0139 GMT April 26, 2019
Scientists from the University's Department for Health, working with colleagues at the universities of Birmingham, Newcastle and Stirling, were studying the effect of eating breakfast versus fasting overnight before an hour's cycling. In a control test breakfast was followed by three hours' rest. The volunteers ate a breakfast of porridge made with milk two hours before exercise, medicalxpress.co reported.
Post exercise or rest, the researchers tested the blood glucose levels and muscle glycogen levels of the 12 healthy male volunteers who took part.
They discovered that eating breakfast increased the rate at which the body burned carbohydrates during exercise, as well as increasing the rate the body digested and metabolized food eaten after exercise too.
Dr. Javier Gonzalez, senior lecturer in the Department of Health who co-led the study, said: "This is the first study to examine the ways in which breakfast before exercise influences our responses to meals after exercise. We found that, compared to skipping breakfast, eating breakfast before exercise increases the speed at which we digest, absorb and metabolize carbohydrate that we may eat after exercise."
Rob Edinburgh, PhD student in the Department for Health who co-led the study, said: "We also found that breakfast before exercise increases carbohydrate burning during exercise, and that this carbohydrate wasn't just coming from the breakfast that was just eaten, but also from carbohydrate stored in our muscles as glycogen.

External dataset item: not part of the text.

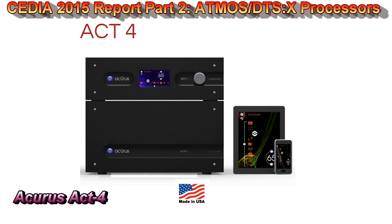Moving on, we have the Acurus ACT 4. Acurus used to be an American heritage brand — the brand for high-end audio in America back in the '80s and '90s. Then Klipsch took them over in the early 2000s and kind of ran them into the ground. Now they're back on their own, which is great. They went on a hiatus for a while; this processor was originally going to be about a $4,000 product, but then Atmos hit the scene and they had to go back to the drawing board.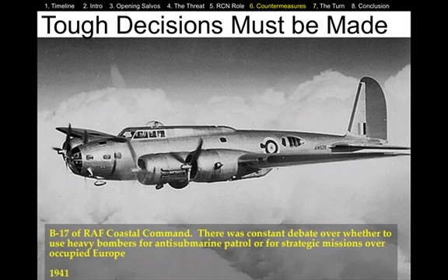The Allies had a tough decision to make. They had limited resources, and so they had to decide: do we take bombers — this is an example of an American-built B-17 — do we take bombers and employ them to drop bombs, or do we take the bombers and employ them to detect the U-boats?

This increase in the use of muscle glycogen may explain why there was more rapid clearance of blood sugar after 'lunch' when breakfast had been consumed before exercise.
"This study suggests that, at least after a single bout of exercise, eating breakfast before exercise may 'prime' our body, ready for rapid storage of nutrition when we eat meals after exercise."
The study is published in American Journal of Physiology: Endocrinology and Metabolism.
An interesting aspect of this research is that it shows that extrapolating from other studies conducted on people who are fasted, which is common in metabolism experiments, may not be reliable, as being fed alters metabolism.
Gonzalez added: "Whilst fasting prior to laboratory trials is common in order to control for baseline metabolic status, these conditions may preclude the application of findings to situations most representative of daily living, because most people are not fasted during the day."